Wednesday, April 2, 2008

On Raising Children

We have eight out of eleven children still at home - of those eight, the older four are in their "teen" years. The youngest two are three and five years old respectively. And when you look at the eight children: our oldest child is an eighteen year old daughter, our youngest is a three year old daughter. In between those two roses, we have six boys. To say that each day is a challenge is an understatement.
As a homeschooling family, we are very close. We find the mistaken notion that a homeschool child is not adept at social interaction a rather humorous thought. We have learned this: if a child can learn to interact with his siblings in the give and take of a large household, he or she will be quite capable in knowing how to get along with other people outside the home.
As parents, we have also learned from the wisdom given in Proverbs 22:6, "Train up a child in the way he should go, And when he is old he will not depart from it."

In the Hebrew language, the verse reads like this: "Train up a child in its own unique way..."

No two children are alike. Yes, absolutes should be taught to all the children, but they should not be taught in the same way to each child. That would be a mistake. The challenge of parenting is to discover the uniqueness of each child. Once that is discovered, the important things of life can be taught the child in a wonderfully personal way. Each child will learn best when what is being taught is uniquely crafted to their own individual character.
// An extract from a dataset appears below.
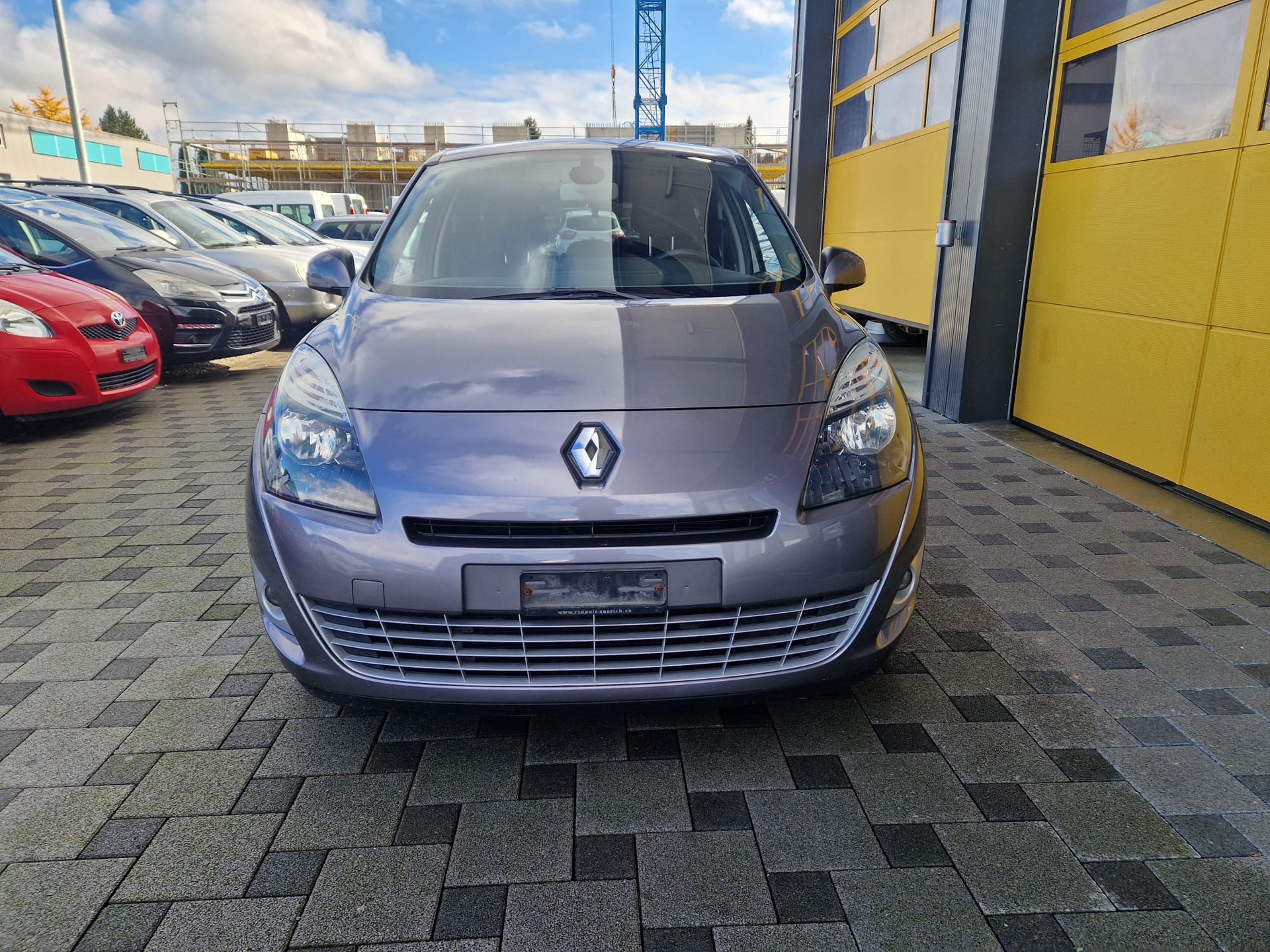 RENAULT Grand Scénic 2.0 16V Dynamique X-Tronic CVT-image-1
How do we, as parents, accomplish such a foreboding assignment? It takes alot of time given over to each child in the following areas:
1. observing the child
2. listening to the child
3. playing (interacting) with the child
4. being a good example to the child, and finally
5. matching our life example with verbal training to the child in the area you, as a parent, are seeking to develop.

Sure, it sounds like a big list - and it is, but they are worth it!